== WHAT IS NEEDED ==
Exact copy, pictures excluded: reproduce every record below.

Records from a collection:
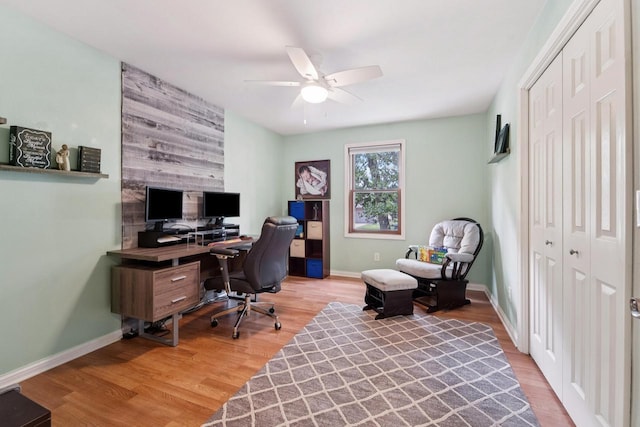 1434 Alcan Dr, Menasha, WI 54952 - office featuring light wood-style flooring and ceiling fan
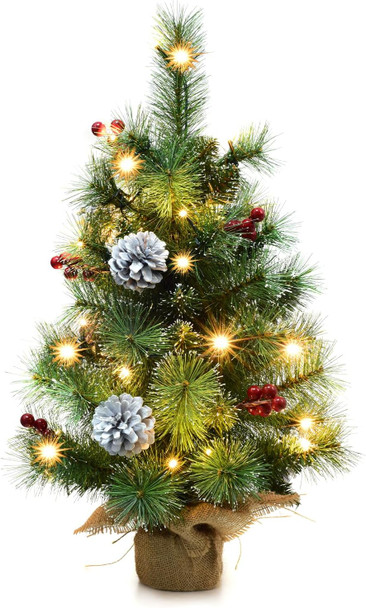 Pre-lit Mini Christmas Trees, Little Christmas Tree with Flocked Pine Needles, Pine Cones, Berries Christmas Decoration, 2 ft Burlap Base Small Trees with 25 Led Lights for Table Top Xmas Decoration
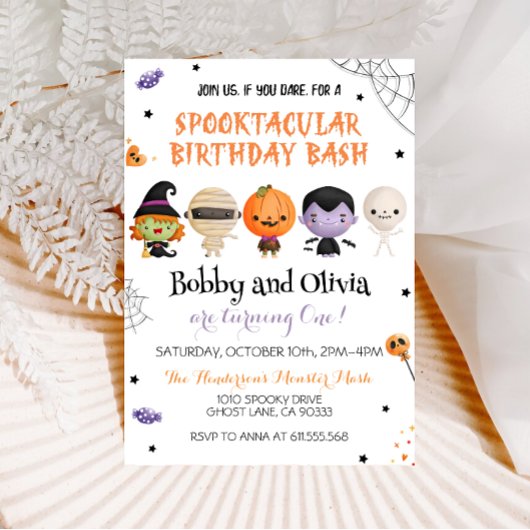 Tweeling Halloween Verjaardag Spooktacular Bash Kaart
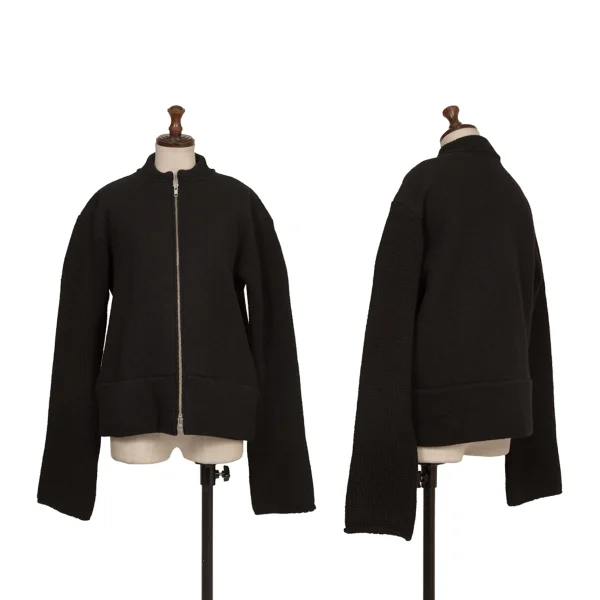 Y's Boiled Wool Knit Zip-Up Blouson Black 3 K-172981_001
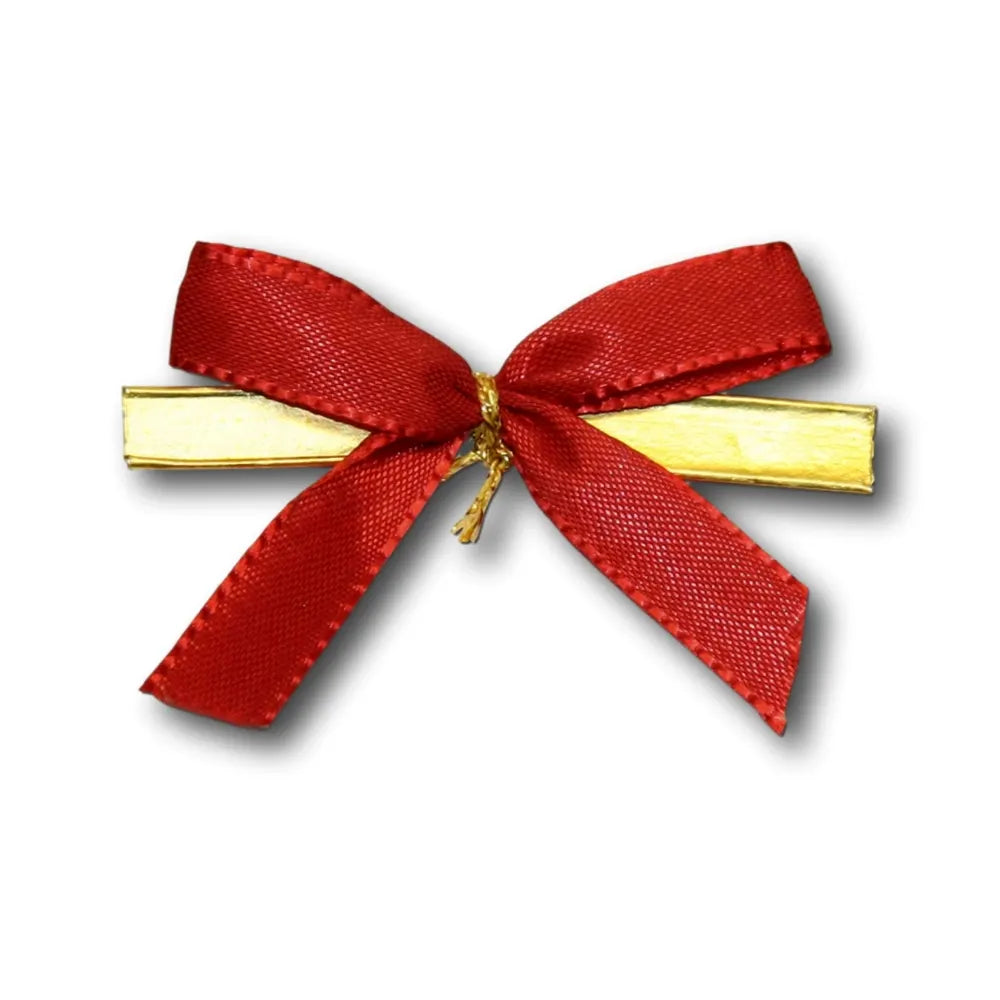 U-Clips/Verschlussclips/Beutelverschluss, gold mit roter Schleife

== RESULT BELOW ==
 1434 Alcan Dr, Menasha, WI 54952 - office featuring light wood-style flooring and ceiling fan
 Pre-lit Mini Christmas Trees, Little Christmas Tree with Flocked Pine Needles, Pine Cones, Berries Christmas Decoration, 2 ft Burlap Base Small Trees with 25 Led Lights for Table Top Xmas Decoration
 Tweeling Halloween Verjaardag Spooktacular Bash Kaart
 Y's Boiled Wool Knit Zip-Up Blouson Black 3 K-172981_001
 U-Clips/Verschlussclips/Beutelverschluss, gold mit roter Schleife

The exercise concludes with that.